◆ **DATA PROVIDED**
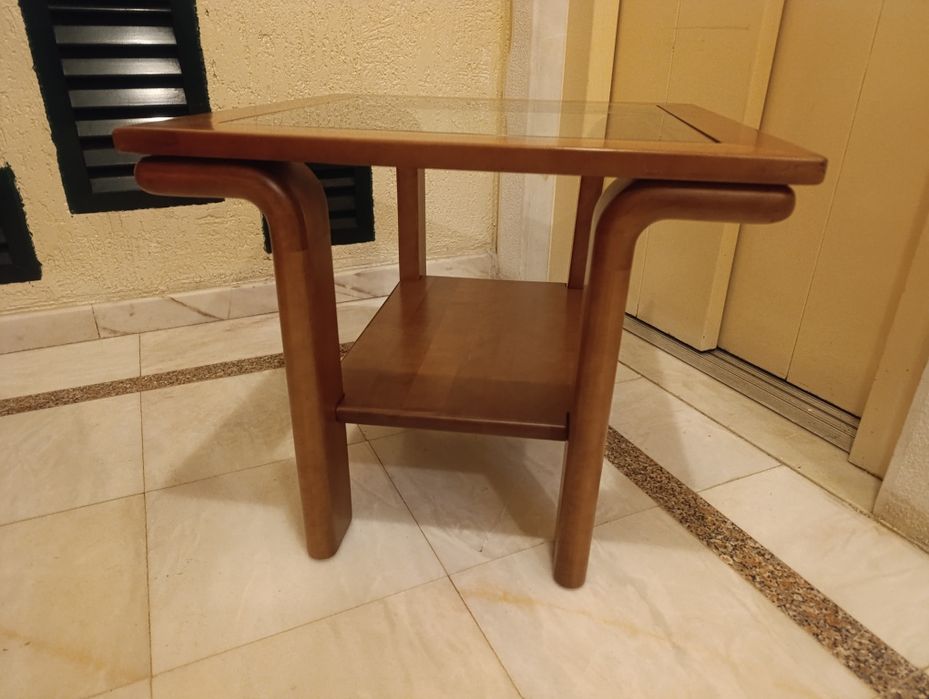 Mesa de centro com tampo de vidro
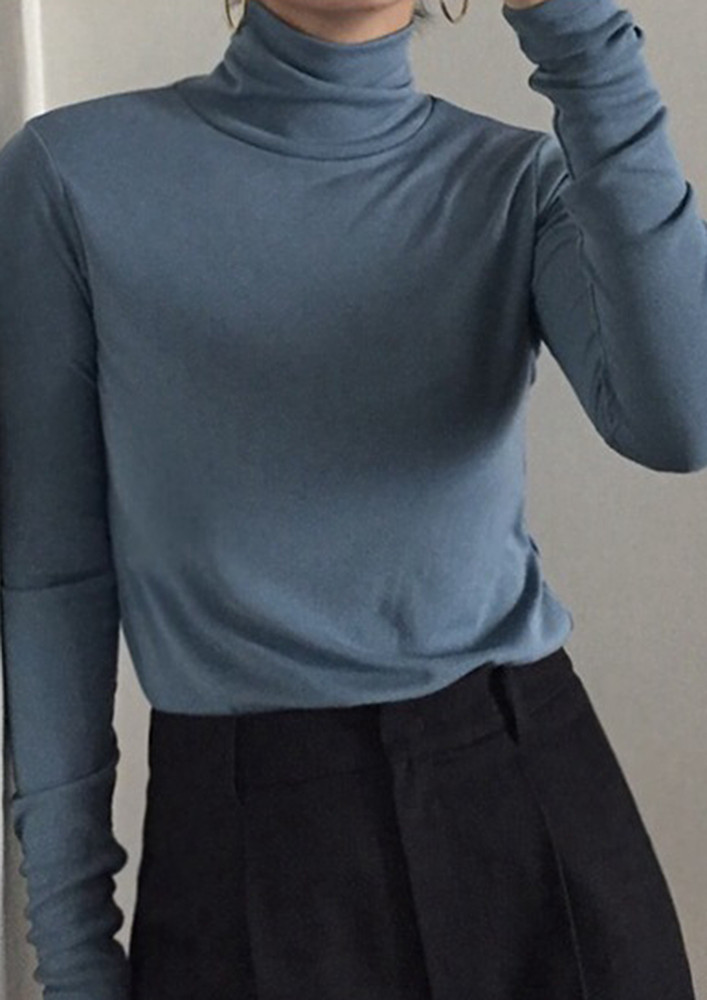 KNITTED HIGH-NECK BLUE SLIM TOP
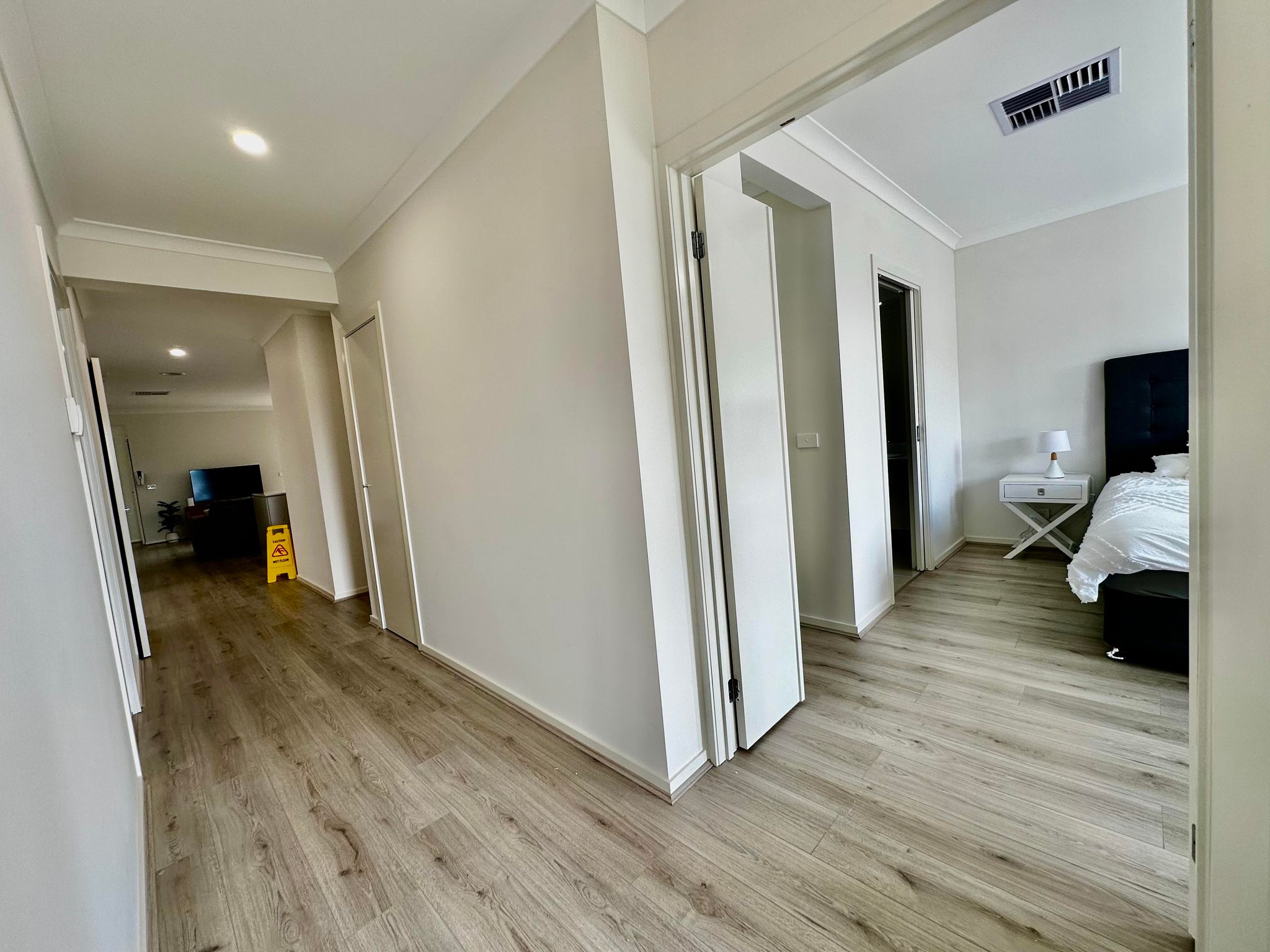 Beautiful, newly built SIL/MTA/STA- Respite  accommodation- Close to Hospital — Home image 2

◆ **EXERCISE REQUIREMENTS**
Please return the full listing exactly as given, with the images left out.

◆ **TASK RESPONSE**
 Mesa de centro com tampo de vidro
 KNITTED HIGH-NECK BLUE SLIM TOP
 Beautiful, newly built SIL/MTA/STA- Respite  accommodation- Close to Hospital — Home image 2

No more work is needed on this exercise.